By Ilona Wissenbach

BERLIN (Reuters) - Volkswagen's CEO Herbert Diess told a supervisory board meeting in September that the company could lose 30,000 jobs if it transitioned too slowly to electric vehicles (EVs), two sources with knowledge of the matter told Reuters on Wednesday.

Competition from new entrants to Germany's market, like Tesla, has pushed the company to speed up its transformation, Diess is said to have told attendees.

The U.S. EV maker plans to produce 500,000 cars a year in Germany with 12,000 employees, while Volkswagen's 25,000 produce just 700,000 cars at its Wolfsburg plant.

A company spokesperson confirmed Diess' position that Tesla and others' presence in Germany heightened the urgency of transitioning to EVs, but denied that specific calculations had been made on how many jobs could be lost in the process.

"There is no question that we have to address the competitiveness of our plant in Wolfsburg in view of new market entrants," Volkswagen spokesperson Michael Manske said, pointing to Tesla and new Chinese automakers making inroads into Europe.

"Tesla is setting new standards for productivity and scale in Grunheide," he said, referring to a Tesla factory under construction near Berlin which at peak capacity will produce 5,000 to 10,000 cars a week - more than twice the German battery-electric vehicle (EV) production in 2020.

"A debate is now underway and there are already many good ideas.
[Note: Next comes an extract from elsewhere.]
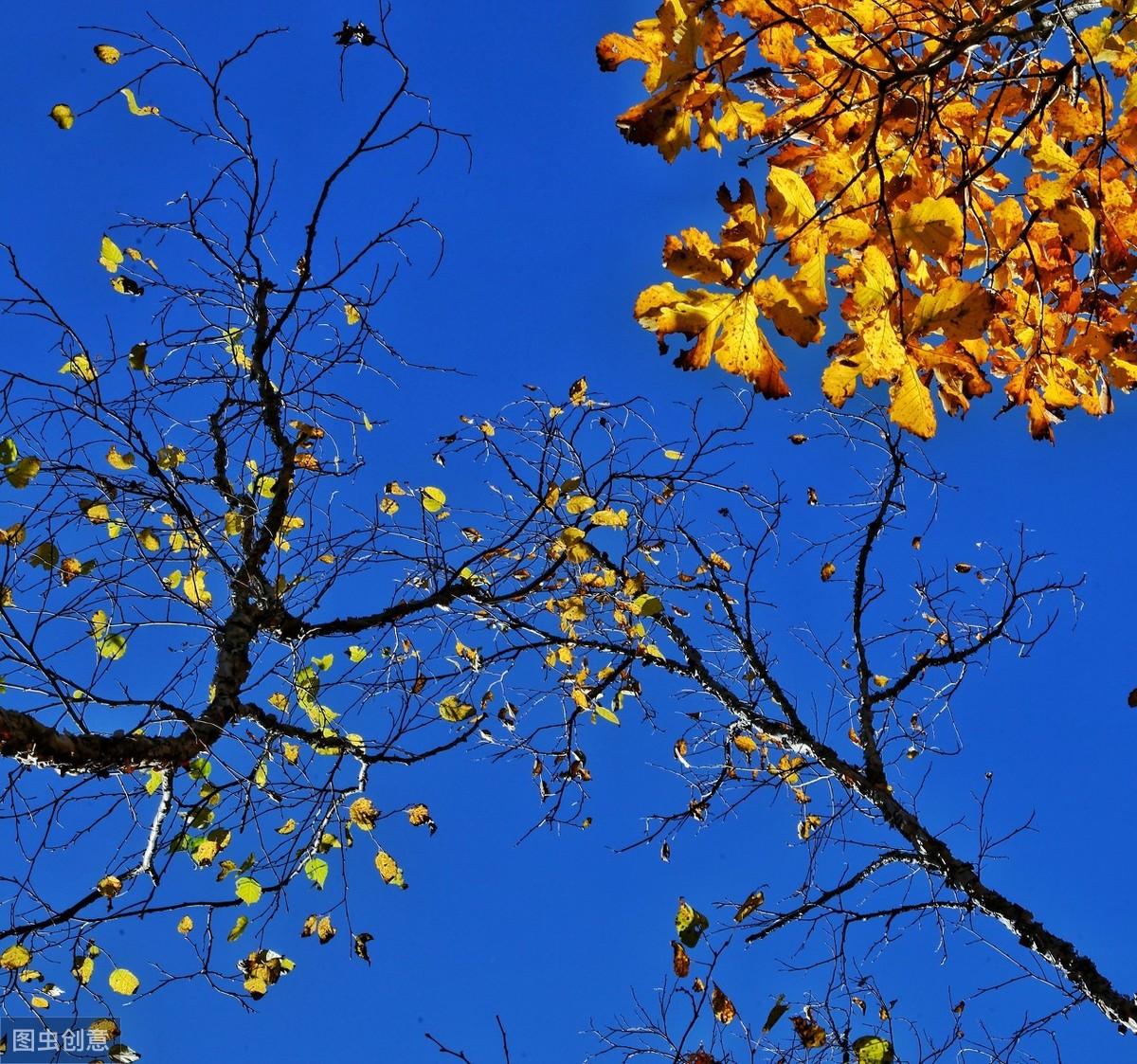 11首励志诗解读：励志名言，句句精辟(图8)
There are no concrete scenarios," Manske said.

The statement by Diess was first reported by Handelsblatt.

A spokesperson for Volkswagen's workers' council said that while they would not comment on whether Diess made the remarks, "a reduction of 30,000 jobs is absurd and baseless".

Another union spokesperson from the region of Lower-Saxony, which is Volkswagen's second-largest shareholder, said such cuts were "out of the question".
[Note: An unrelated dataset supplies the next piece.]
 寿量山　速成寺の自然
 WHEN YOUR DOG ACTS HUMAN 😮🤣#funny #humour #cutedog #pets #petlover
EVs have far fewer parts than an internal combustion engine car and so require fewer workers to produce. According to one estimate, 100,000 jobs in the German autos industry could be lost by 2025 as a result of electrification.

Volkswagen's Wolfsburg plant, the world's largest with over 50,000 employees, does not currently make EVs, but the company plans to produce an electric sedan there from 2026 under a plan named "Project Trinity".

Diess has previously said Tesla would fuel competition in Germany.

The German autos giant is also considering listing its car charging and energy business in addition to existing IPO plans for its battery division, Chief Technology Officer Thomas Schmall told Manager Magazin in an interview published on Wednesday.

Schmall said nothing had been decided yet and it would probably take up to two years before the new companies were established and ready for the stock market.